◆ Required action:
From the data that follows, set down exactly the lines from the one with "Metoo игровая механическая" through the one with "UlyssesLegalNER-Br: from Legislative", counting both. Pictures stay out.

◆ Data shown:
________________________________________
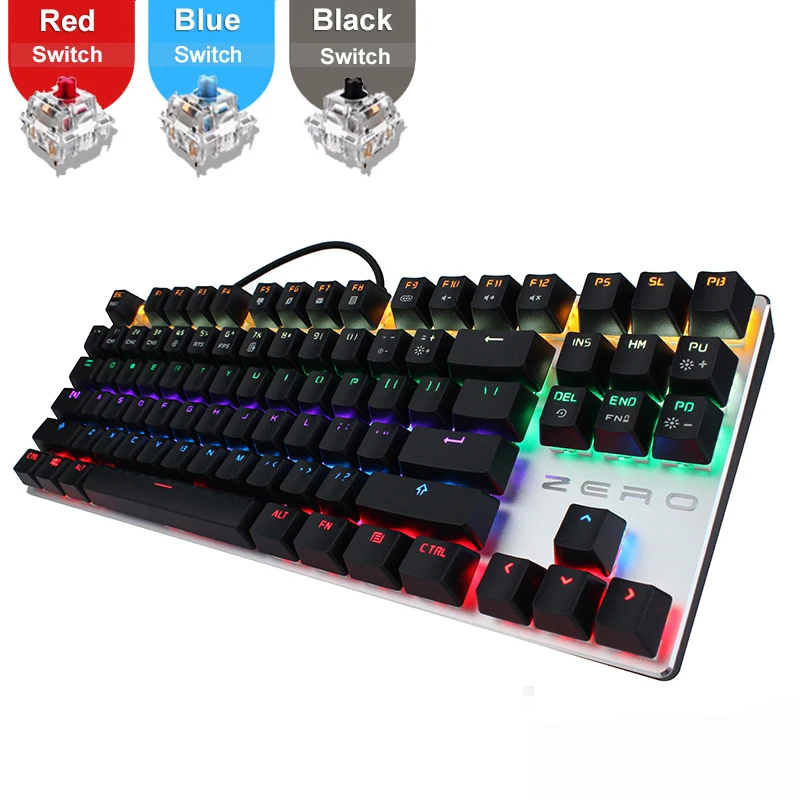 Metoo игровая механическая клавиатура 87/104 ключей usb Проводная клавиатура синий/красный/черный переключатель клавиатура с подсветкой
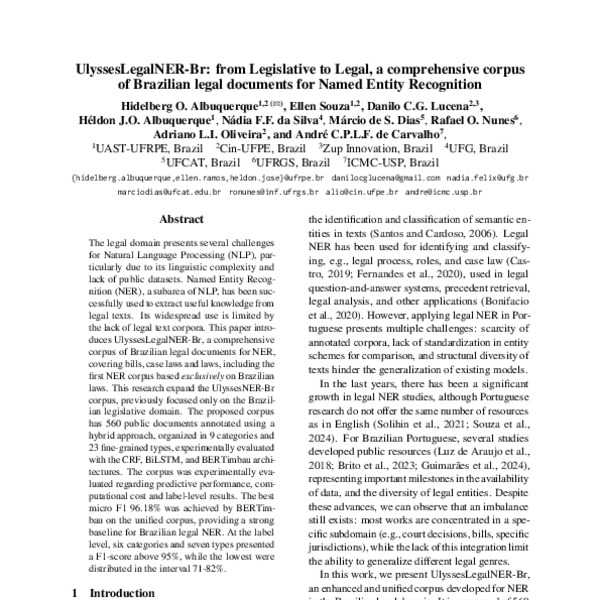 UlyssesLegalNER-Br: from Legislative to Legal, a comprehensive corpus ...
________________________________________
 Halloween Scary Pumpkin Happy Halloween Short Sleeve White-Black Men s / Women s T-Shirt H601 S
________________________________________
◆ Response to this task:
 Metoo игровая механическая клавиатура 87/104 ключей usb Проводная клавиатура синий/красный/черный переключатель клавиатура с подсветкой
 UlyssesLegalNER-Br: from Legislative to Legal, a comprehensive corpus ...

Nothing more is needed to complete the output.